I am trying to prove that the equation $$3x^3 + 4y^3 +5z^3 \equiv 0 \pmod{p}$$ has a non-trivial solution for all primes $p$. I am sure that this is a standard exercise, and I have done the easy parts: treating $p=2, 3, 5$ as special cases (very simple), and then for $p\geq 7$, those for which $p \equiv 2 \pmod{3}$ is also straightforward, as everything is a cubic residue $\pmod{p}$, but I am having a mental block about the remaining cases where $p \equiv 1 \pmod{3}$ and only $(p-1)/3$ of the integers $\pmod{p}$ are cubic residues.

I was hoping to be able to show that the original equation has non-trivial solutions in $\mathbb{Q}_p$, and that this might be an easy first step towards the $p$-adic case.

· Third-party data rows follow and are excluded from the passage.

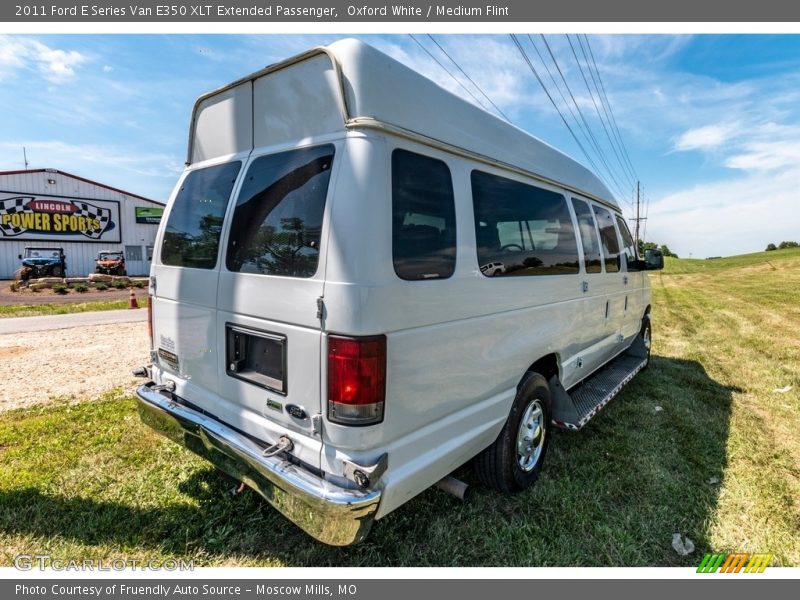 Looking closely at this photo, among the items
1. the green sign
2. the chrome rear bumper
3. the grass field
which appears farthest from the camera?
the green sign

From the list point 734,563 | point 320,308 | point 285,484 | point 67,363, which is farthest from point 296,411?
point 67,363

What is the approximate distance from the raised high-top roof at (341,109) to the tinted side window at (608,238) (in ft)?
6.52

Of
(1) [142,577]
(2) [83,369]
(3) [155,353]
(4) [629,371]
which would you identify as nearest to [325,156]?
(3) [155,353]

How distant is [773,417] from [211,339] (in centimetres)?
593

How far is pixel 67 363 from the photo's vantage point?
664 cm

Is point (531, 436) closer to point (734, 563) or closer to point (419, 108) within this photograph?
point (734, 563)

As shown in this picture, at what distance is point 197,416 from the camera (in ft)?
9.37

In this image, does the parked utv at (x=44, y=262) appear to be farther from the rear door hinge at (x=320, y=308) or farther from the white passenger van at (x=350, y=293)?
the rear door hinge at (x=320, y=308)

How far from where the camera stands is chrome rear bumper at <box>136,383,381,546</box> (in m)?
2.04

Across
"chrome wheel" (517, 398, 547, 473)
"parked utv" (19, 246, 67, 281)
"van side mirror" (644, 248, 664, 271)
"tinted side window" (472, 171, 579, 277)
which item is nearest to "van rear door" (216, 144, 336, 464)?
"tinted side window" (472, 171, 579, 277)

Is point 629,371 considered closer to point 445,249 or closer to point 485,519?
point 485,519

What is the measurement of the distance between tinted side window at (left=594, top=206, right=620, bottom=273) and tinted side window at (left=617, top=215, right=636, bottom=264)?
1.11 ft

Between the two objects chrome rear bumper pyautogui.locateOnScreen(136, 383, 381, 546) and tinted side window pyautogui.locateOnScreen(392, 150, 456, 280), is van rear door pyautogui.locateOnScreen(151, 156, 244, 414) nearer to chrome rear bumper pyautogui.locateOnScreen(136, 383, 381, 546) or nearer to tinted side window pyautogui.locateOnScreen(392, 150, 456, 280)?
chrome rear bumper pyautogui.locateOnScreen(136, 383, 381, 546)

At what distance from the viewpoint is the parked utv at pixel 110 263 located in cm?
2802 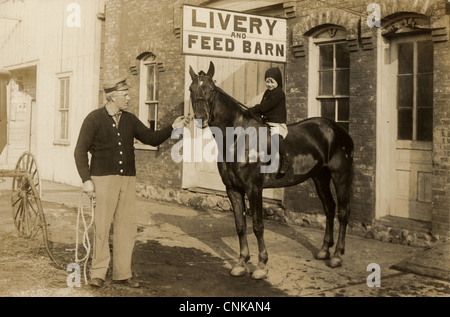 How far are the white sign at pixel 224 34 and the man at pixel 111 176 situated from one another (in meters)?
2.78

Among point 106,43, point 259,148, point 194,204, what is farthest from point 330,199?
point 106,43

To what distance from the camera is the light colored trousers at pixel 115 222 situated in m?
5.26

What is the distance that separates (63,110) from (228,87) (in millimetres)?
7434

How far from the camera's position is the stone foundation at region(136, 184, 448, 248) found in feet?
24.1

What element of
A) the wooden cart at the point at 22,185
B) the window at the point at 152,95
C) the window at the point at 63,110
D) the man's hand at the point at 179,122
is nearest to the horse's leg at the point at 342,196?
the man's hand at the point at 179,122

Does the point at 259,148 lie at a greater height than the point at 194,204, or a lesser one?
greater

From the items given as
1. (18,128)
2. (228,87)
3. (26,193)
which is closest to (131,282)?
(26,193)

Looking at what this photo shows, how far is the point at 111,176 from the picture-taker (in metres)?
5.30

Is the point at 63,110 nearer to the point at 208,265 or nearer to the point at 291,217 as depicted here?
the point at 291,217

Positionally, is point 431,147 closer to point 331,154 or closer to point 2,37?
point 331,154

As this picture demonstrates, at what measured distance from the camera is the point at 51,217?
9633mm

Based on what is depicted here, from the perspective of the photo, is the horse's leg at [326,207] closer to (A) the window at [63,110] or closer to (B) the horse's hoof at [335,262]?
(B) the horse's hoof at [335,262]

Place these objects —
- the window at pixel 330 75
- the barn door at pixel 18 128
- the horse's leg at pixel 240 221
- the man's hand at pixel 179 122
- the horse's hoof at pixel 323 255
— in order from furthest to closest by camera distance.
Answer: the barn door at pixel 18 128 → the window at pixel 330 75 → the horse's hoof at pixel 323 255 → the horse's leg at pixel 240 221 → the man's hand at pixel 179 122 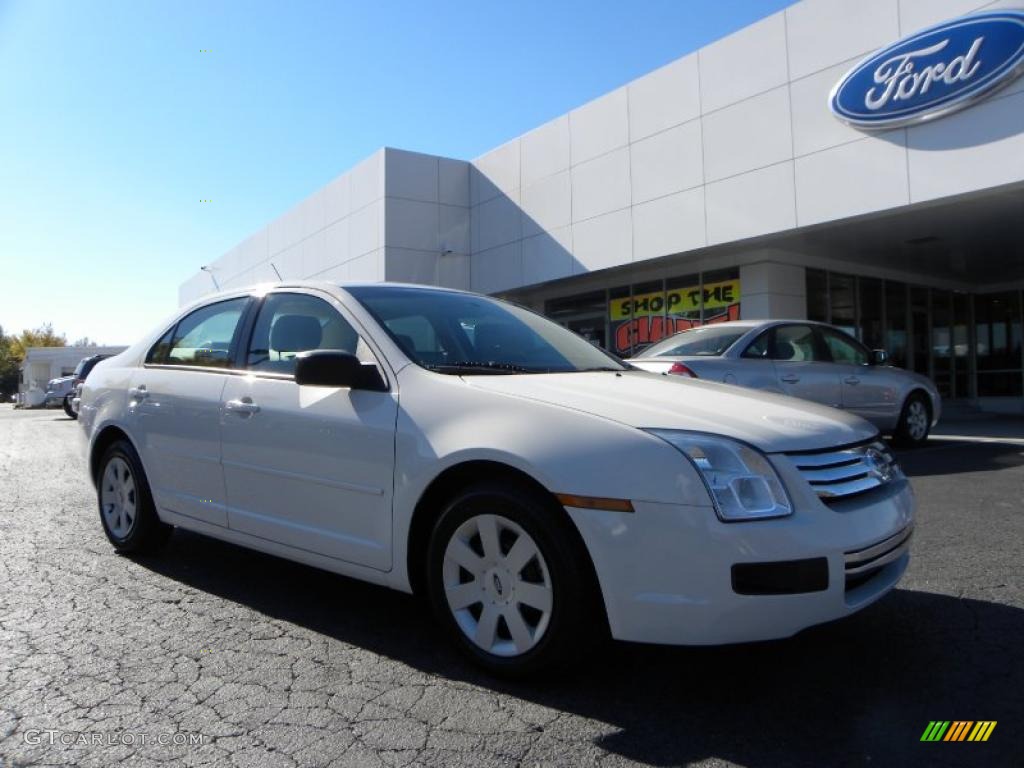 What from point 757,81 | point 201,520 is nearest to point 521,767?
point 201,520

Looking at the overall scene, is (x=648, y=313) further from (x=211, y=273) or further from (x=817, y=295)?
(x=211, y=273)

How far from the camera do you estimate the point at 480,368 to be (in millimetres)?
3201

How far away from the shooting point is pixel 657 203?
583 inches

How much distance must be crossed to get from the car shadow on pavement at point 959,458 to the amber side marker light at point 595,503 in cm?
579

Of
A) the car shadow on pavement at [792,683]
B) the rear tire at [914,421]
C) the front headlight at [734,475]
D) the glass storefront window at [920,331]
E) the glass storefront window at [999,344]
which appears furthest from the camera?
the glass storefront window at [999,344]

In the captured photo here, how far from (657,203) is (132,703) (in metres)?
13.8

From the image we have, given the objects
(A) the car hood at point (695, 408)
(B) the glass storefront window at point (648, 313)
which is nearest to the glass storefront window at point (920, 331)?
(B) the glass storefront window at point (648, 313)

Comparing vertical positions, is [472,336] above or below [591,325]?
below

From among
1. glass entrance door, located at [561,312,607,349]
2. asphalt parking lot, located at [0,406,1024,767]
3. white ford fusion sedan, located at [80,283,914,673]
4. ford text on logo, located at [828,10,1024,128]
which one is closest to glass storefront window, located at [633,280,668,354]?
glass entrance door, located at [561,312,607,349]

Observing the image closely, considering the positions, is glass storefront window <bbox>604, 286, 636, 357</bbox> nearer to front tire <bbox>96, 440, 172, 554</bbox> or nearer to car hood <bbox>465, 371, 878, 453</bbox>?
front tire <bbox>96, 440, 172, 554</bbox>

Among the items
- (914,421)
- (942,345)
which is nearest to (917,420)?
(914,421)

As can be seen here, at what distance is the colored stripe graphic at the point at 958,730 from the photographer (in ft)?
7.34

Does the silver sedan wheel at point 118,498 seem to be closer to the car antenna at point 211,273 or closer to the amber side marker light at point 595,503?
the amber side marker light at point 595,503

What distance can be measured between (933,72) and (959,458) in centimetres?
585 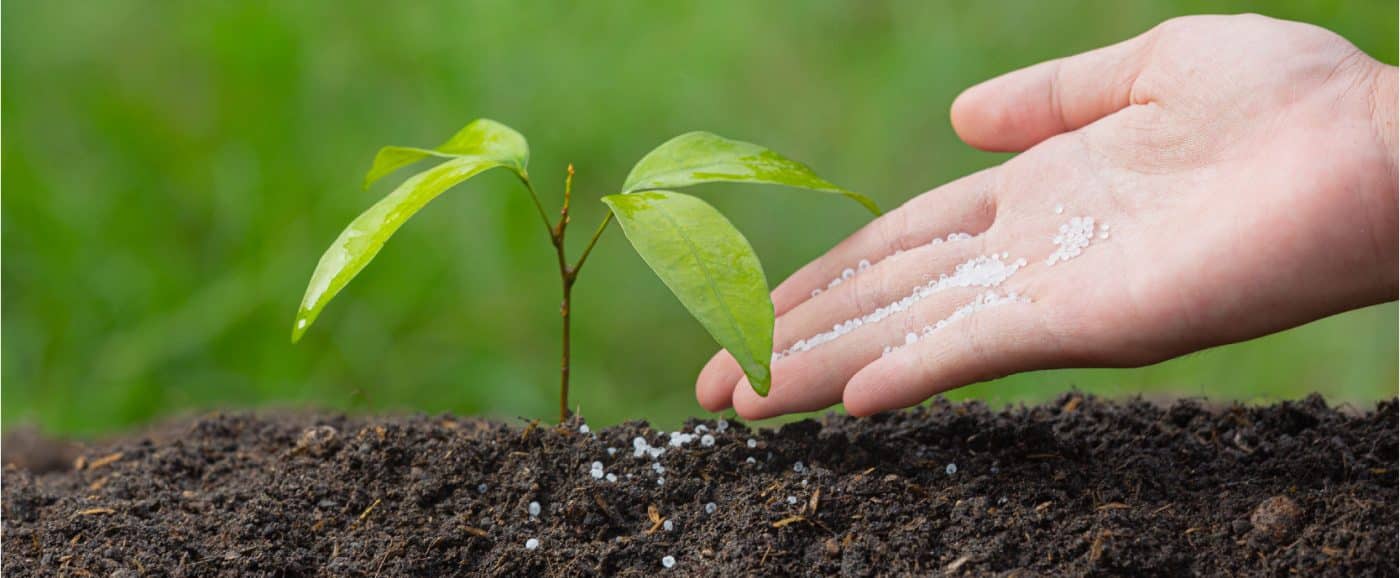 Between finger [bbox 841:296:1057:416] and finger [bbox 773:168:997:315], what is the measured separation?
0.25 metres

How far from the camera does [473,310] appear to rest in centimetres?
268

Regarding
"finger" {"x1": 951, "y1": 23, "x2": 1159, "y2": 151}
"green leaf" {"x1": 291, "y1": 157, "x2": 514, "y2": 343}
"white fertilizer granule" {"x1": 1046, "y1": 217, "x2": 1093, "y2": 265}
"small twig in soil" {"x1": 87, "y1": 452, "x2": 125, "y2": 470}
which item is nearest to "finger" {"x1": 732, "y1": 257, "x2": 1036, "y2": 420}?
"white fertilizer granule" {"x1": 1046, "y1": 217, "x2": 1093, "y2": 265}

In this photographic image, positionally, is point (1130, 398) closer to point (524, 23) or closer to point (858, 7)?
point (858, 7)

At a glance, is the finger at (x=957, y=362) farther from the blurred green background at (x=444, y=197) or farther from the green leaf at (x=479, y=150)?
the blurred green background at (x=444, y=197)

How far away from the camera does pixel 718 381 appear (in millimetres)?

Any pointers, or references to a proof (I am sure there must be some in the literature) would be most gratefully received.

Answer 1

I think Selmer's example is in some book I own but I cannot find it. It would be a natural footnote in any of my quadratic forms books, but there you go.

Here is some stuff from a book you may not be looking at, page 79, second edition of $p$-adic Numbers by Fernando Q. Gouvea. Related to your example is Problem 121, show your same conditions for $$ (x^2 -2) (x^2 - 17) (x^2 - 34) = 0, $$ which can be checked wit the rational roots theorem. Hmmm. Then $$ x^4 - 2 y^2 = 17. $$ He says non-existence of rational solutions is the hard part in this one. I think this one is accessible from stuff in Mordell's book Diophantine Equations.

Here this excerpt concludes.